Stored data:

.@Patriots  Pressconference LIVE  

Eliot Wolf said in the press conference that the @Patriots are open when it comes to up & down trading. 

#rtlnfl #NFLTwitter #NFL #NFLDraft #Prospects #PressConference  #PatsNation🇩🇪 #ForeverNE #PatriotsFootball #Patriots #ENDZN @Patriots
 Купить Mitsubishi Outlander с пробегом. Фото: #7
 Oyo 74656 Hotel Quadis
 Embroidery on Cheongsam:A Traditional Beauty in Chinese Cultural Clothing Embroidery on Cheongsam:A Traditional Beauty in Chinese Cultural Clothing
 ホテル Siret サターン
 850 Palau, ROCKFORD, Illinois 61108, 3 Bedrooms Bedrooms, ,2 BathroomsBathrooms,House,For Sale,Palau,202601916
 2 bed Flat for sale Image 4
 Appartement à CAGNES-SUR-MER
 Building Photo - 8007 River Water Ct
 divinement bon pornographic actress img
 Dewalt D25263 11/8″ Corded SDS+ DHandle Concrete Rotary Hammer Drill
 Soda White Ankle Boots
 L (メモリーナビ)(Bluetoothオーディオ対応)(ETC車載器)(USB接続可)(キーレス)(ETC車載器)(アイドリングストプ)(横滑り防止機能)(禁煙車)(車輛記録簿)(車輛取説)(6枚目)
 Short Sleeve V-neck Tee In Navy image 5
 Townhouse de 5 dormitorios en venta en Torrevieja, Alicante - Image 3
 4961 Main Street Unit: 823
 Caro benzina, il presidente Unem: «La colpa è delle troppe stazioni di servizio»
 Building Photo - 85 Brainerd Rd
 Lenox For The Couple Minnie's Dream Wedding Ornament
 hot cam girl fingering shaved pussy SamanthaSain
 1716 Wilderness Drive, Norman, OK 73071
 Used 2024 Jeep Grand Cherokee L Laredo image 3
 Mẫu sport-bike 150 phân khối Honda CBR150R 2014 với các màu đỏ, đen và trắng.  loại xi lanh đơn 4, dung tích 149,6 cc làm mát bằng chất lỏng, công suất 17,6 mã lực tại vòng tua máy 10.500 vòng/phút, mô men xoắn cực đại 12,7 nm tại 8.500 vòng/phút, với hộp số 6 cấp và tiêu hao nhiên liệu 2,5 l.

Assignment: The response should be the lines from the one containing "Townhouse de 5" through the last line of the data, set down exactly and with no other line.

Response to this task:
 Townhouse de 5 dormitorios en venta en Torrevieja, Alicante - Image 3
 4961 Main Street Unit: 823
 Caro benzina, il presidente Unem: «La colpa è delle troppe stazioni di servizio»
 Building Photo - 85 Brainerd Rd
 Lenox For The Couple Minnie's Dream Wedding Ornament
 hot cam girl fingering shaved pussy SamanthaSain
 1716 Wilderness Drive, Norman, OK 73071
 Used 2024 Jeep Grand Cherokee L Laredo image 3
 Mẫu sport-bike 150 phân khối Honda CBR150R 2014 với các màu đỏ, đen và trắng.  loại xi lanh đơn 4, dung tích 149,6 cc làm mát bằng chất lỏng, công suất 17,6 mã lực tại vòng tua máy 10.500 vòng/phút, mô men xoắn cực đại 12,7 nm tại 8.500 vòng/phút, với hộp số 6 cấp và tiêu hao nhiên liệu 2,5 l.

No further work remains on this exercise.